La scelta politica di aprire la scuola

Vladimiro Zagrebelsky

Quando il presidente del Consiglio presentò il suo governo al Parlamento, la menzione che fece del dovere di fare tutto il necessario per promuovere al meglio il capitale umano, la formazione, la scuola, l’università e la cultura, poteva parere qualcosa di obbligato nel quadro del programma di qualunque governo. Qualcosa che non poteva mancare e che dunque rimaneva poco significativo, tanto più che le contingenze spingevano l’attenzione verso i temi propri delle emergenze sanitaria ed economica. Eppure, una maggiore attenzione avrebbe dovuto essere prestata a quel passaggio (e ad altri che non riguardavano economia e sanità) e confrontarlo con l’insistenza con la quale Mario Draghi era ed è ancora spesso indicato con il “banchiere” o il “tecnico” di economia e finanza. Così suggerendo che in qualche modo sia fuori posto nel ruolo del presidente del Consiglio, che, come stabilisce la Costituzione, dirige la politica generale del governo e ne mantiene l’unità di indirizzo politico. Con quelle etichette non se ne vuole indicare l’esperienza e l’alta qualificazione in un settore specifico, importante ma non esaustivo; se ne vuole invece ridurre o immiserire il profilo professionale a fronte della più importante qualità che avrebbe un presidente “politico”. Quest’ultimo carattere, senza specificare, viene assegnato a chi ha fatto tirocinio e poi è cresciuto nella vita dei partiti politici. Ciò che non è necessariamente negativo, ma non mette in luce la natura fondamentale che dovrebbe avere l’azione politica e il ruolo “politico” di chi la svolge. Si tratta della non settorialità, della completezza della considerazione e della conoscenza dei bisogni della società, della visione di prospettiva di lungo periodo, dell’attitudine alle scelte di priorità, dell’interesse per la costruzione di un tipo di società e non di un altro.

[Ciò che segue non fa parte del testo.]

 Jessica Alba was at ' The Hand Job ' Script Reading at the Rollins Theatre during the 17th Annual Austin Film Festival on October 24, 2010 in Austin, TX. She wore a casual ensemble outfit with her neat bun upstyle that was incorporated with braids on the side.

Dopo l’ultima conferenza stampa del presidente del Consiglio sarebbe bene far cessare l’equivoco (e la falsificazione) e considerare che Mario Draghi è sì un tecnico, nel senso che sa di cosa parla quando affronta temi di economia e finanza, ma è anche un politico a tutto tondo. Cosa è infatti, se non una scelta pienamente e consapevolmente politica, quella che il presidente del Consiglio ha illustrato e rivendicato nella conferenza stampa insieme al ministro dell’Istruzione, in favore della riapertura delle scuole secondo il calendario prestabilito? Certo il terreno su cui il governo si è mosso è segnato dai dati della epidemia, dalle interpretazioni e previsioni (non univoche) che ne danno gli esperti epidemiologi, dalle indicazioni che vengono dallo stato oggettivo in cui operano le scuole, eccetera. Ma da tutto ciò non derivano conseguenze obbligate; semmai qualche controindicazione o impedimento alla adozione dell’una o dell’altra soluzione tra le diverse possibili. Ed allora, come è normale e bene che sia, intervengono le scelte politiche. Che sono certo sempre discutibili, ma sono doverose e legittime quando l’autorità competente ne assume la responsabilità, non pretendendo di essere puramente e semplicemente guidata dai dati della realtà (indicati dai tecnici). La scelta politica del governo sottostante le misure riguardanti la scuola è in favore della scuola e dell’insegnamento in presenza. L’effetto della qualità dell’istruzione è stato indicato anche sul piano, tutto politico, della lotta alle diseguaglianze sociali. Elsa Fornero ha illustrato su questo giornale l’importanza della istruzione, ai suoi vari livelli, sottolineando il valore della scelta della scuola come vera priorità strategica del Paese.